Here are the three components to the correct lid for that jar.


----------



## woody (Aug 12, 2009)

I'd say around $40.00 is the right amount for that jar with the correct lid.


----------



## #1twin (Aug 12, 2009)

Thanks Woody. The one I have on it has a rod going through the lid but the lid has several pat dates inside it. You can see it better in my lids post I just entered. Thank you for the info.  Marvin "the mole"[]


----------



## #1twin (Aug 12, 2009)

Thanks again Woody.   Marvin


----------



## woody (Aug 12, 2009)

Can you show us a photo of just the lid you have for that jar???


----------



## #1twin (Aug 12, 2009)

Here it is. I'm not that great with the camera, so sorry if it is fuzzy[8D]
 It has like 4 different Pat dates inside the glass part of it. It is all the way to the left with a metal rod through it.  Thanks again Woody!   Marvin


----------



## towhead (Aug 12, 2009)

Wow Woody !   Didnt know you were famous!  A lid named after you!
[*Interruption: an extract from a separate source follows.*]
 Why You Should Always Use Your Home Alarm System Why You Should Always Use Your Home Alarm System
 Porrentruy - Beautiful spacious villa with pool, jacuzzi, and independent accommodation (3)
 Wow Marvin!  You really do have the lids!!!

 -Julie


----------



## woody (Aug 12, 2009)

Not only a lid, Julie, but a glassworks and a town in New Jersey.[]


----------



## woody (Aug 12, 2009)

Marvin, can you give us a close up of just the lid???


----------



## towhead (Aug 13, 2009)

The town of Woodbury....like Mayberry?  hee hee

 -Julie


----------



## #1twin (Aug 14, 2009)

Thank you all for the information and replie's. 
 And thank you so much for the PM message you sent me Woody. I could not answer it because I changed e-mail address'es and I can not mail out for some reason right now with CABLE ONE[]
 Here is what you ask for and thank you so much:  2059 South Drive Biloxi Ms 39531    marvingill@cableone.net  I appreciate everything.  Have a great dig on your next outing.  Marvin[]


----------



## #1twin (Aug 14, 2009)

Woody,  Here is a shot of the inside of the lid where the dates are. Hope this show's enough of the lid as you requested.  Thank you,  Marvin


----------



## woody (Aug 14, 2009)

Did you find the jar with the lid on it???
 I'm trying to figure out what that bolt is sticking out of the bottom of the lid.

 Very funny, julie.
 Now I live in Peyton Place.......... for real.


----------



## pyshodoodle (Aug 14, 2009)

> I live in Peyton Place


 
 I was just wondering about that. Forgive me, I've never read the book... but I assume it's got houses you may be able to identify if you live there... do you ever think of the people that supposedly lived in them when you see them?  Just curious. Been explaining the Katy Gaumer book to a few locals and wondered if you had the same experience at all.


----------



## woody (Aug 14, 2009)

I know people who were actually talked about in the novel.
 Of course the names were changed but everyone knew who Grace Metalious was talking about.
 The town is still pretty much the same way as it was back then.


----------



## #1twin (Aug 15, 2009)

Woody,  The lid was in the same well as the jar. I have never found a lid with a bolt through it either. The glass part of your lid appears to have a hole in it for something, does it not??  Thanks,  Marvin


----------



## woody (Aug 15, 2009)

Yes, there is a vent hole on the lid.


----------